The truth-seeking nature of philosophy itself places the work of this discipline at the heart of our mission – Catholic, Norbertine and liberal arts. 

Philosophers’ Café

2012-13 Schedule
In the light of the upcoming election, the theme of our first four cafés will be broadly political. 

Note that the meeting time has changed from previous years. This year, cafes will be held the first Wednesday of every month. Our first café will be Wednesday Sept. 5, at A’s in De Pere from 7-8:30 p.m. 

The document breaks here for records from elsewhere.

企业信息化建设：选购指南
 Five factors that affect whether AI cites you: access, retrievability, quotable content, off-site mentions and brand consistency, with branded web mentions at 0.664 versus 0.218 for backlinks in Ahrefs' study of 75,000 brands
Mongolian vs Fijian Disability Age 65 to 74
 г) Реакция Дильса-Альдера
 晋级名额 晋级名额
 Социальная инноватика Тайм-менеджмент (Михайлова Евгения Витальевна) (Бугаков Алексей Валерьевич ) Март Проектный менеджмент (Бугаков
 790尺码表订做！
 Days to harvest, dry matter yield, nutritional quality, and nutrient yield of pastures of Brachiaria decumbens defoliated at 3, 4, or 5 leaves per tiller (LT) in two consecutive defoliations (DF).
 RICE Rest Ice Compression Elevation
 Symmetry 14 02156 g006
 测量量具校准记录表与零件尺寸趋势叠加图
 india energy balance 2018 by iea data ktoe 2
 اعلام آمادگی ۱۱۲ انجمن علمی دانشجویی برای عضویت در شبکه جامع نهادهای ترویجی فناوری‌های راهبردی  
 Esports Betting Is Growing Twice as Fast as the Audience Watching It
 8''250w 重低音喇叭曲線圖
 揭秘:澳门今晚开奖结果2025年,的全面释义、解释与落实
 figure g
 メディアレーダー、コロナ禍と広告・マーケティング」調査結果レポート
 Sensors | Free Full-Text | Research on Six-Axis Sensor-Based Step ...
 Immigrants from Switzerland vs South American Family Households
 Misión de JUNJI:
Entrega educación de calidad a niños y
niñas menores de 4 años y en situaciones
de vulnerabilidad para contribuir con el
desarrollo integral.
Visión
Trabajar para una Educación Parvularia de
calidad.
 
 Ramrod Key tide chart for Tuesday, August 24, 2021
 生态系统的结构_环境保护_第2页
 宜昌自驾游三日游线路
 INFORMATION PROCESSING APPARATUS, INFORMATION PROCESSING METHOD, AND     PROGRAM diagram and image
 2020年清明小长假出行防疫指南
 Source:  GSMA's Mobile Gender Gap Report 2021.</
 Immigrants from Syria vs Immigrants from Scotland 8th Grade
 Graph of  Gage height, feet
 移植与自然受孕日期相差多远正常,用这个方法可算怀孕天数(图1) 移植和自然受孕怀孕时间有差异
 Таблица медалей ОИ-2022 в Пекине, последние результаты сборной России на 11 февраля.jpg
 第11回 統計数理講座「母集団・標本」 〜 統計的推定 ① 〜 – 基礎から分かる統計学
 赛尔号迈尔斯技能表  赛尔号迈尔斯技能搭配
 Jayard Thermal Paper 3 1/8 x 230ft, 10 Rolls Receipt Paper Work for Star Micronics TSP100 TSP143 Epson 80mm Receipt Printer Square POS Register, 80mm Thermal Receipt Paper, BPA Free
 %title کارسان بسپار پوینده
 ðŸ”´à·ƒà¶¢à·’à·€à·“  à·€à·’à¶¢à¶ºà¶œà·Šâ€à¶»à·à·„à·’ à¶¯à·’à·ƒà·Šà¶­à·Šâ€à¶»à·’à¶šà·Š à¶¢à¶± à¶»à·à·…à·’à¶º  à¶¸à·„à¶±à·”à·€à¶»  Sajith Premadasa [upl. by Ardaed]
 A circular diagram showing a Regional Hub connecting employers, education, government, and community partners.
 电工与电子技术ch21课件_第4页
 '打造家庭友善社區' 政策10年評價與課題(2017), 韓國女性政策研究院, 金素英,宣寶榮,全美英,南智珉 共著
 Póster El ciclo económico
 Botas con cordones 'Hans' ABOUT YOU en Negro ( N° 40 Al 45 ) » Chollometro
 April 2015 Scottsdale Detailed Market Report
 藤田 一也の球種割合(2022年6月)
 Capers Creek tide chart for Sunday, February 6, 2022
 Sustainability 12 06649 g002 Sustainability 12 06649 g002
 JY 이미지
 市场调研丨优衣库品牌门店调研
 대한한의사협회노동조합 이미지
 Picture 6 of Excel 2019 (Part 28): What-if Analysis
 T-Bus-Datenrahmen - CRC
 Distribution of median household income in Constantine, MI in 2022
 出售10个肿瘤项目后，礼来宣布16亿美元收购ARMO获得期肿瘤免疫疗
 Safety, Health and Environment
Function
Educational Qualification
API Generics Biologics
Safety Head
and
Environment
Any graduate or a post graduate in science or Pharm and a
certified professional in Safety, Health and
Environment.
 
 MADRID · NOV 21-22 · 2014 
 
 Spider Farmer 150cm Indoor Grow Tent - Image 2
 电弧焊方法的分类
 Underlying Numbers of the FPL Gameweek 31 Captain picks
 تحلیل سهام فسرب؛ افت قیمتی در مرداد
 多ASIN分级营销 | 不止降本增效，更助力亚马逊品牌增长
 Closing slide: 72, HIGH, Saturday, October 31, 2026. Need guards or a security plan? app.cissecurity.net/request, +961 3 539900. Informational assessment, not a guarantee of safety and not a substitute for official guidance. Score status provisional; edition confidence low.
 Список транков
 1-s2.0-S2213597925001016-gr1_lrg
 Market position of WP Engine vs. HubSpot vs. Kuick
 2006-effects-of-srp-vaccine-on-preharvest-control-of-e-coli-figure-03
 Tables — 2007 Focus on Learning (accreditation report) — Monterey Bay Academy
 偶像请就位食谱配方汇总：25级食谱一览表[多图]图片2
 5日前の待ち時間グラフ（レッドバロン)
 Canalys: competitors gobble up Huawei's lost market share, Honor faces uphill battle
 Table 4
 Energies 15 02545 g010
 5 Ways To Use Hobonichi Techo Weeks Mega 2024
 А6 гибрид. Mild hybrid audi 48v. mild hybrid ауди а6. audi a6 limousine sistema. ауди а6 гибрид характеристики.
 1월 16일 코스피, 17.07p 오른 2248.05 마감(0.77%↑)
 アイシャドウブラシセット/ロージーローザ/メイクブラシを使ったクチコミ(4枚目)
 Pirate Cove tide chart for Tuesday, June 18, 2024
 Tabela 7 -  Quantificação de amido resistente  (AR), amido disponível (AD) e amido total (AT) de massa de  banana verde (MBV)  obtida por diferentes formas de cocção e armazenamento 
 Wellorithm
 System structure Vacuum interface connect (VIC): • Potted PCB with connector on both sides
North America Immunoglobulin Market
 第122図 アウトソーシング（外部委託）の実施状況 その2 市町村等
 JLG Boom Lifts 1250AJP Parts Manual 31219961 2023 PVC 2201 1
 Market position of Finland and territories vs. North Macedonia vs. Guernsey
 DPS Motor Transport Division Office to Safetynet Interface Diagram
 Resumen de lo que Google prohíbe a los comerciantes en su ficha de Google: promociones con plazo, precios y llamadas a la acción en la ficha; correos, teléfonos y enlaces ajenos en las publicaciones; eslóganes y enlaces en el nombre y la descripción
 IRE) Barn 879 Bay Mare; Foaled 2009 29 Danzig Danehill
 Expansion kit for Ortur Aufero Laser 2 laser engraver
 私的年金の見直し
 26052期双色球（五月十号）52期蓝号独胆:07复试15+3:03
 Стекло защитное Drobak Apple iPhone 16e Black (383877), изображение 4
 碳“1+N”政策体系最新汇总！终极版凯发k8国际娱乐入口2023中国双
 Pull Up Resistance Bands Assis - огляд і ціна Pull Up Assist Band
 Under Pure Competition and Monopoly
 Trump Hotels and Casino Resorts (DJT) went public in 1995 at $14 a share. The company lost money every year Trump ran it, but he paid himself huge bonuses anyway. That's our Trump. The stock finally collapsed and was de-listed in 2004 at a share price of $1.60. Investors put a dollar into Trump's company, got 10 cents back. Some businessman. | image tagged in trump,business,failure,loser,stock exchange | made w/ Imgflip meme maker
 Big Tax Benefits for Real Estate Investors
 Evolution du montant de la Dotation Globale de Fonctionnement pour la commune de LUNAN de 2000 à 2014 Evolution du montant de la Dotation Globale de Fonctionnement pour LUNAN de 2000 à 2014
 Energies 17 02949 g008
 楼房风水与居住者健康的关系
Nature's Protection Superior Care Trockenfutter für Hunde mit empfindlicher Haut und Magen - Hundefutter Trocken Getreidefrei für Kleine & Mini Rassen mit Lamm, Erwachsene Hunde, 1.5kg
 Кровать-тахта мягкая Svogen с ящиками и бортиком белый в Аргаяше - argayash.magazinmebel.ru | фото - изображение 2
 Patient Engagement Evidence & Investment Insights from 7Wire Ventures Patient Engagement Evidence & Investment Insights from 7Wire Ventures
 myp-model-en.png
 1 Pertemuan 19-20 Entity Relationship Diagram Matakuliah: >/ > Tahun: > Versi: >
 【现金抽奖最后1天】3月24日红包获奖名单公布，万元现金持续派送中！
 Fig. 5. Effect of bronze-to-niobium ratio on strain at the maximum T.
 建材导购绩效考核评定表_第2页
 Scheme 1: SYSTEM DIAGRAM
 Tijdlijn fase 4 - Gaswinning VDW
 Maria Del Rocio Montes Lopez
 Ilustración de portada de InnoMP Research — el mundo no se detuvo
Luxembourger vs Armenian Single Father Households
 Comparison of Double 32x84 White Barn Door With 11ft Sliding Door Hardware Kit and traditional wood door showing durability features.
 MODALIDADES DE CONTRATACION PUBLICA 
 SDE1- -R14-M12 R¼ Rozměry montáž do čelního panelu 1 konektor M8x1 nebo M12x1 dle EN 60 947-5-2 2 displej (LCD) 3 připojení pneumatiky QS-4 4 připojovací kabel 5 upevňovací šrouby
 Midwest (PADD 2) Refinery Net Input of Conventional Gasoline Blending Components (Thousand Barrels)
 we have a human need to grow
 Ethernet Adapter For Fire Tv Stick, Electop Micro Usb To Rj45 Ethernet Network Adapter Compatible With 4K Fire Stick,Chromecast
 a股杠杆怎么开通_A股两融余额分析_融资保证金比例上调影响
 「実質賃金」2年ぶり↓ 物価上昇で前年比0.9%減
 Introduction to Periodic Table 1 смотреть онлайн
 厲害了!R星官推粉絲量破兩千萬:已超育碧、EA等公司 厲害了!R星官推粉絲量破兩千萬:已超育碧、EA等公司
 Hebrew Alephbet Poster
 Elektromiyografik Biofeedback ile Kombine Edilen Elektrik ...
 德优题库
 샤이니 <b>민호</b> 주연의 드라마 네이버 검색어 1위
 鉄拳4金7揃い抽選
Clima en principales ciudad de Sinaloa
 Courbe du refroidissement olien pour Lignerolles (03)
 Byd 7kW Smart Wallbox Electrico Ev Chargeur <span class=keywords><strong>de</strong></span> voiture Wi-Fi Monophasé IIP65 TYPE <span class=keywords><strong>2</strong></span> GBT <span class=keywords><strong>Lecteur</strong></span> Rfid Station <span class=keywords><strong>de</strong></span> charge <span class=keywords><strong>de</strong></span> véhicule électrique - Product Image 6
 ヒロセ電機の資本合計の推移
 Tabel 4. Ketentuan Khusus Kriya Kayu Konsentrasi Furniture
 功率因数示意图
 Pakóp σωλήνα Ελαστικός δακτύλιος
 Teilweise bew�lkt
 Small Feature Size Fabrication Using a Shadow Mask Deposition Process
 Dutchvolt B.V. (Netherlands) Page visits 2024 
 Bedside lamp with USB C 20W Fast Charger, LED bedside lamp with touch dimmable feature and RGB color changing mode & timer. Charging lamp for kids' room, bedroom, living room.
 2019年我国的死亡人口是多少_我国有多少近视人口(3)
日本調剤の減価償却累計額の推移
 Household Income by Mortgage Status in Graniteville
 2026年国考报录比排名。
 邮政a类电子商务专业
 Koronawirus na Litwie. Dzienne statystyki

Date/Location Topic and Description
Wednesday, Sept. 5
7-8:30 p.m.

A’s Restaurant and Music Café, 112 N. Broadway 
De Pere, WI 54115
Political Left and Right: Within Conversational – not Shouting Distance.
Moderator: 
Paul Johnson, Ph.D (St. Norbert)
 
In this café we will look at the political theories of both John Rawls and Robert Nozick and discuss how these theoretical foundations provide the basic insights of the political left and right. The challenge is to find a way to respect both, and incorporate them into workable policy solutions to the problems that confront us today. The danger is that each side will fail to appreciate the importance and value of the opposed viewpoint, engage in vociferous one-sided defense of its own vision and thereby undercut the middle ground between them where effective solutions are to be found.
Wednesday, Oct. 3
7-8:30 p.m.

Harmony Café
1660 W. Mason St.
Green Bay, WI

The Politics of Food
Moderator: 
Dallas Blaney, Ph.D (UW-Green Bay)

Following a disappointing growing season in the US and Russia, we are now facing a third major global food crisis in the last fifteen years.  Given widespread expectations of increased climate volatility it seems likely that we may experience additional crises in the near future.  We will discuss who suffers the most from such calamities and whether the United States, given its relative wealth and technology, ought to be doing more than other countries to stem this tide.  Should we initiate a global strategic food reserve?  We will discuss whether certain conceptions of justice make such a move a moral imperative. 

Wednesday, Nov. 7
7-8:30 p.m.

Harmony Café
1660 W. Mason St.
Green Bay, WI 
Citizen Activism in a Digital Age
Moderator: 
Eric Morgan, Ph.D (UW-Green Bay)

What role should citizen activism play in modern America?  In an increasingly interconnected electronic world of blogs, social networking media, and seemingly universal instant gratification -- coupled with the astronomical financial cost of political campaigns -- the grassroots movements of old now seem rather quaint.  But does it remain possible to develop prolonged and widespread movements like abolitionism or civil rights in our fragmented and hyperkinetic society?  How has technology helped to change and shape modern activism?  How should Americans become involved in the myriad issues of the day, particularly given the challenges of seemingly disinterested politicians and corporations?  We will discuss these questions and more as we explore the role of the citizen within a modern democratic society.